Gerçek hayatta bildiğimi ya da bildiğimi sandığım dünyayı, bildiğim kelimelerle yeniden yaratabilen insanlara hayranım. Hiç bilmediğim, aklıma bile gelmeyecek şekillerde yaratanlara... Dünyanın sınırsızlığını, insanın sınırsızlığını, hayal gücünün sınırsızlığını hissettirenlere... Yani fantastiğe, bilimkurguya, büyülü gerçekçiliğe... Adını ne koyarsanız koyun, sınırsız dünyanın nimetlerini misliyle onlara verebilenlere işte.
Türlerin çizdiği sınırların dayatmasından bıkan iki isim Neil Gaiman ve Al Sarrantonio. “Bize daha önce bin kez gördüğümüz bir şeyi sanki ilk kez görüyormuşuz gibi sunacak o büyülü ışığa sahip öyküleri” okumak istediklerini dillendirmişler karşılıklı. Ancak kurmacanın yaşatacağı bir deneyimi, “peki sonra ne olmuş” dedirtecek “o” öyküleri.
Öyküler sıra dışı bir antoloji değil, en azından öyle görüneninden değil.

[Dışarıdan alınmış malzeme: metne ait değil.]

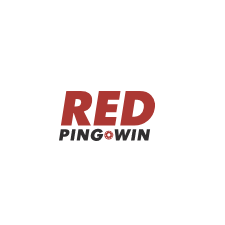 Red Ping Logo - Red Ping Casino Review
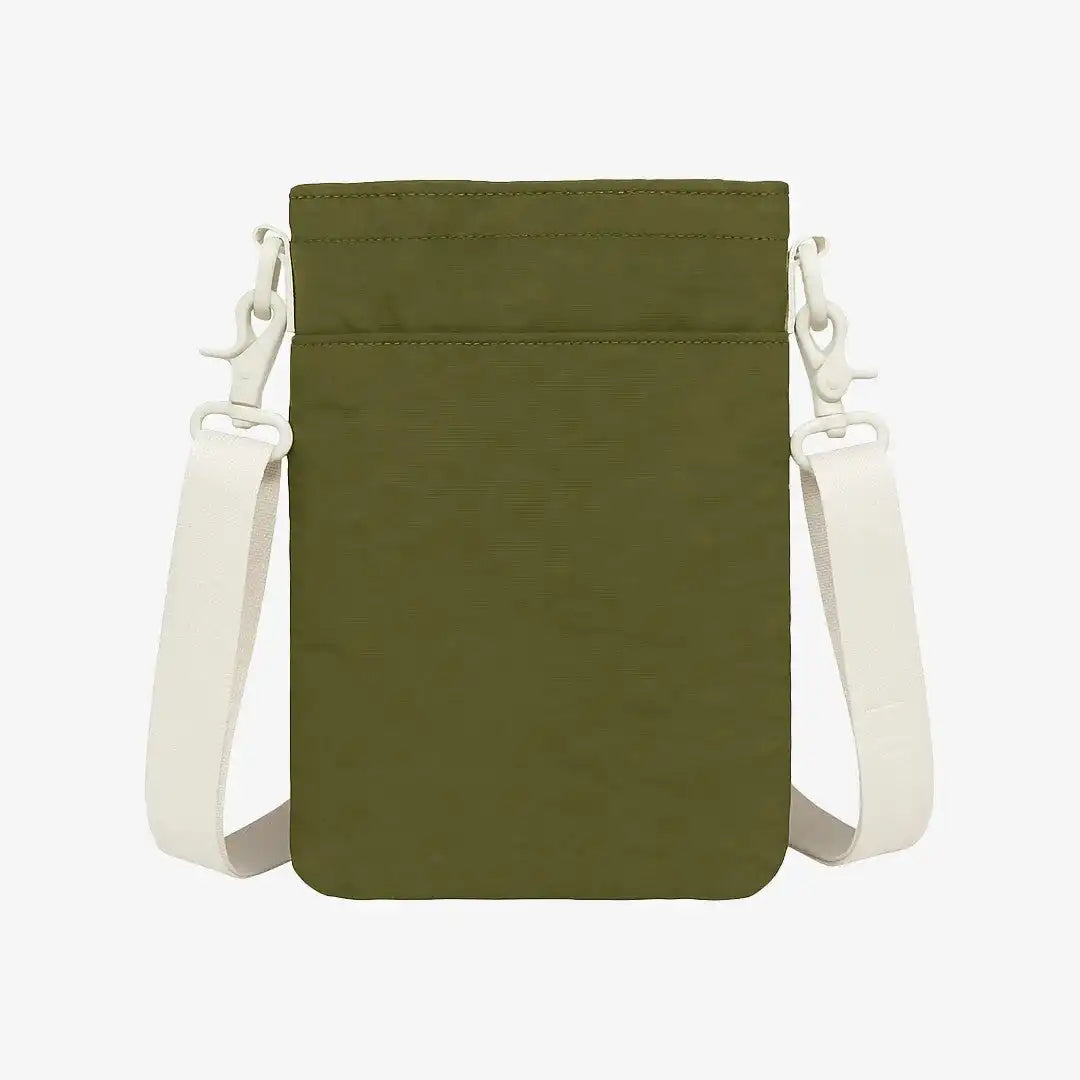Olive - Phone Sling Bag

Ama biraz daha dikkatli bakarsanız Lawrence Block ile Chuck Palahniuk’u aynı kitap içinde görmenin heyecanına kapılabilirsiniz benim gibi! Ya da Joyce Carol Oates ve Jodi Picoult’yu... Ağız sulandırıcı kısmını geçtikten sonra midenizdeki taşla yola devam edebilirsiniz, “Peki sonra ne olmuş?” diyerek.

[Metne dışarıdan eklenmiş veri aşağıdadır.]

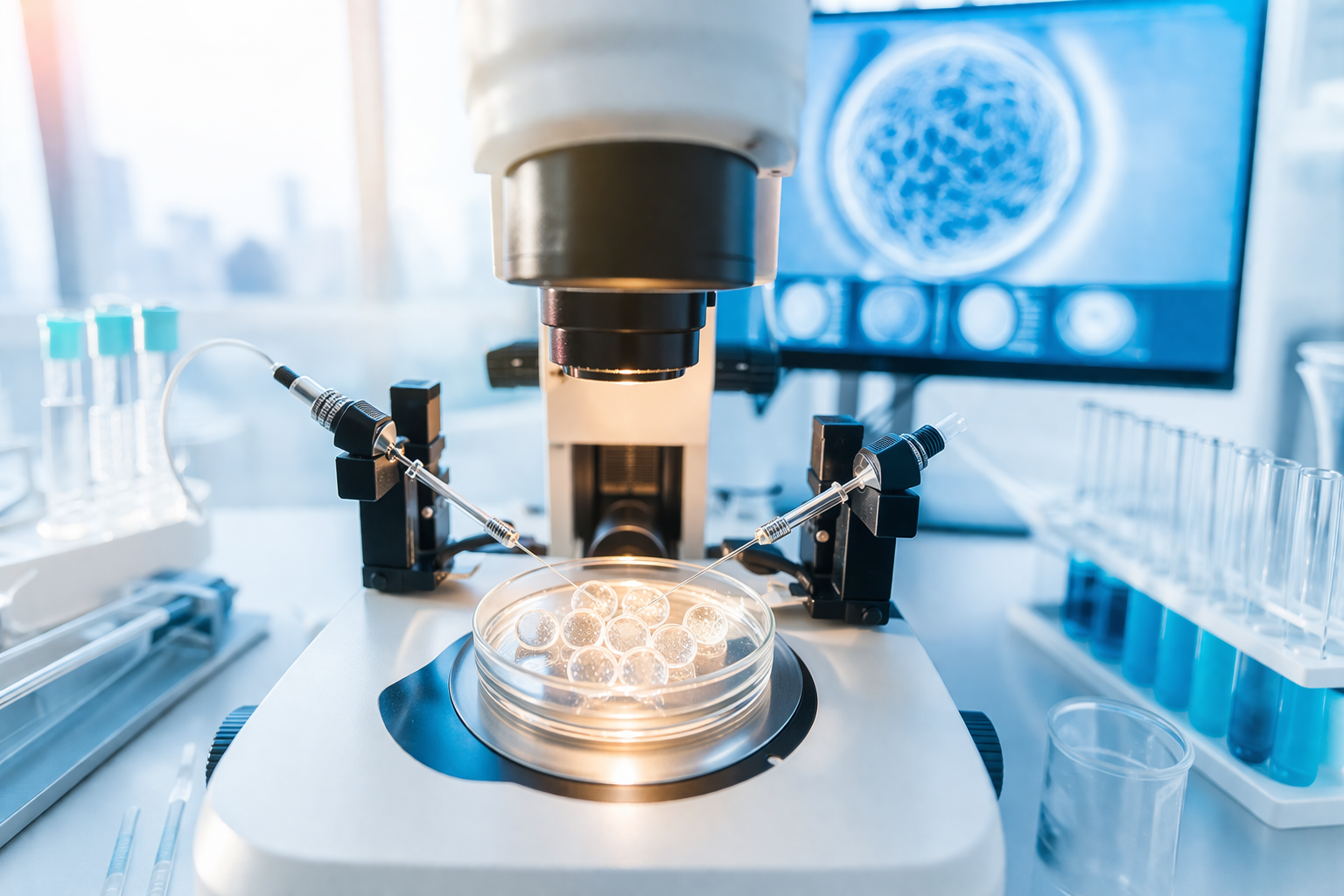 “The Era of Hormone-Free IVF?”: Deconstructing the Reality of CAPA-IVM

Ne mi olmuş? Gerçekçilik, aşırı gerçekçilikle aşırı gerçeküstücülüğün birbirine karıştığı öyküler bir araya gelmiş. Hemen her öyküde sıradan bir insanın hayata baktığı noktanın çok daha ötesinden bakan yazarların sesi var. Gerçekten baktığınız şeyi görüp görmediğiniz konusunda şüpheye düşürecek sesler. İnsan suretinde dünyada yaşayan tanrılar, tanrıya dönüşen insanlar, vampirler... Ama işte tam olarak sınır bu sıra dışılıklar değil. Ya da sıra dışı saydıklarımız. Jodi Picoult’nun öyküsündeki acısının yüküyle büyüyen ya da küçülen insanlar gibi. Hepsini hangi mantıkla bir araya getirdiler tam olarak bilinmez ama her öyküde hemen hemen aynı olan tek bir şey var; şu hayatta yaşayan herkesin aradığı bir şey var ve kesinlikle diğerlerinden farklı.

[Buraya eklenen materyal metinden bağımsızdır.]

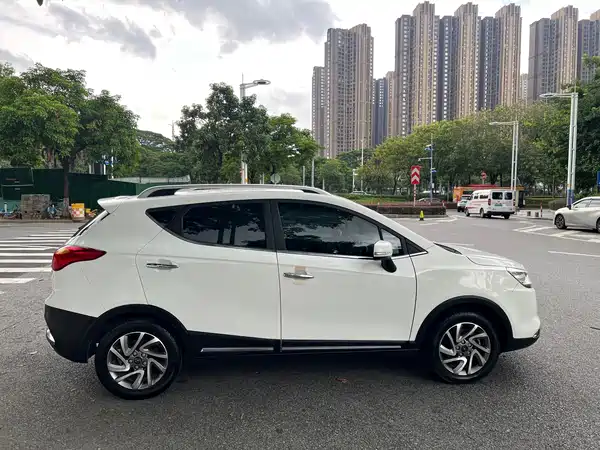JMC Refine S3 2016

İyilik ya da kötülüğün hangi surette olduğu çok da mühim değil. Gerçek olan iç içe olmaları ve sizin hangisine dahil olduğunuz. Kendi varlığıyla savaşanlar, bulduktan sonra ne yapacağını bilmeyenler, tutkularına tutkun olanlar. Gerçek kahramanlar. Sen ben biz... ve dahası onlar.
Yeni bir dünya, bambaşka bir bakış açısı oluşturmada usta olan yazarların bir araya geldiği Öyküler, kısacık sayfalarda kendinizi bir anda olayın içinde bulma etkisi yaratıyor. Yalnızca hayal güçleri için değil, güçlü kalemlerini hiç acımadan kullandıkları için de. Tüm bunların yanı sıra belki her öykü ciğerinizden bir parça söküyor. Peki ya sonra? Evet, amacına ulaşmış bir antoloji kesinlikle, zira öykünün devamı için merakla sormanın yanı sıra bir sonraki öyküye geçme isteği uyandırdığı için...
Neil Gaiman giriş yazısında, “Özlemini duyduğumuz, okumayı istediğimiz şeyler, bizde merak uyandıran, bizi sayfaları çevirmeye zorlayan öykülerdi. Ve evet, iyi yazılmış şeyleri okumak istiyorduk. (Neden daha azıyla yetinecektik ki?)” diye anlatıyor. Daha azıyla yetinmedikleri için teşekkür etmek kalıyor geriye.